• Work to complete: From the entries that follow, copy exactly the lines beginning at the line holding "Shore Pant - Cameo" and continuing through the line holding "Marble Resin 2".

• Input data:
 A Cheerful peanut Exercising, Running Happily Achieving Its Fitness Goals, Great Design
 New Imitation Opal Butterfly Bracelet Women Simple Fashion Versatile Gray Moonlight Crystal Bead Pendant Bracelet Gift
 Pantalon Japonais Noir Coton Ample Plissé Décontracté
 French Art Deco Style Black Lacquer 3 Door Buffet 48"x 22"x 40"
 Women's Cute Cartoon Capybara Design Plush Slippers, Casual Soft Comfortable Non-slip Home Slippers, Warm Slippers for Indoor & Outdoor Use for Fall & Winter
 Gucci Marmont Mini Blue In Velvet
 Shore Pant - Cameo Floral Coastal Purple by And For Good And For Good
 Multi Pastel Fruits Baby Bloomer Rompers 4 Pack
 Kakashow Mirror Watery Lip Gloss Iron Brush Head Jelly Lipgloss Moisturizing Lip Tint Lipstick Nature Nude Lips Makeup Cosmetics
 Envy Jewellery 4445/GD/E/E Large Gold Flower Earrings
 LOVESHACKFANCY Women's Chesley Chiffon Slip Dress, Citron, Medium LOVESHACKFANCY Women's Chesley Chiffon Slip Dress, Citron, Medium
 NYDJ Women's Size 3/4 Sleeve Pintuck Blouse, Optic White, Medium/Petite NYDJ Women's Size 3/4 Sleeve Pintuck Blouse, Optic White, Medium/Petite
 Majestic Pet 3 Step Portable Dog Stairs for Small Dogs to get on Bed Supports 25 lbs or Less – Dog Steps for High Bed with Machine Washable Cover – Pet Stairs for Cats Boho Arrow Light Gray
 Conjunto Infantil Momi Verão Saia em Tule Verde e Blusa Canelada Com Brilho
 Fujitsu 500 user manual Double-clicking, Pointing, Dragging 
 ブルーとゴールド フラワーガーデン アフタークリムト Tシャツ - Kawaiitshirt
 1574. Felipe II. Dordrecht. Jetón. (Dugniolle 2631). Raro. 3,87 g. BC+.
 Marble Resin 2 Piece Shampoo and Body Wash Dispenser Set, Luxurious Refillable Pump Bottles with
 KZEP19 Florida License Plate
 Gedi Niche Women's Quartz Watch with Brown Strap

• Solution for this task:
 Shore Pant - Cameo Floral Coastal Purple by And For Good And For Good
 Multi Pastel Fruits Baby Bloomer Rompers 4 Pack
 Kakashow Mirror Watery Lip Gloss Iron Brush Head Jelly Lipgloss Moisturizing Lip Tint Lipstick Nature Nude Lips Makeup Cosmetics
 Envy Jewellery 4445/GD/E/E Large Gold Flower Earrings
 LOVESHACKFANCY Women's Chesley Chiffon Slip Dress, Citron, Medium LOVESHACKFANCY Women's Chesley Chiffon Slip Dress, Citron, Medium
 NYDJ Women's Size 3/4 Sleeve Pintuck Blouse, Optic White, Medium/Petite NYDJ Women's Size 3/4 Sleeve Pintuck Blouse, Optic White, Medium/Petite
 Majestic Pet 3 Step Portable Dog Stairs for Small Dogs to get on Bed Supports 25 lbs or Less – Dog Steps for High Bed with Machine Washable Cover – Pet Stairs for Cats Boho Arrow Light Gray
 Conjunto Infantil Momi Verão Saia em Tule Verde e Blusa Canelada Com Brilho
 Fujitsu 500 user manual Double-clicking, Pointing, Dragging 
 ブルーとゴールド フラワーガーデン アフタークリムト Tシャツ - Kawaiitshirt
 1574. Felipe II. Dordrecht. Jetón. (Dugniolle 2631). Raro. 3,87 g. BC+.
 Marble Resin 2 Piece Shampoo and Body Wash Dispenser Set, Luxurious Refillable Pump Bottles with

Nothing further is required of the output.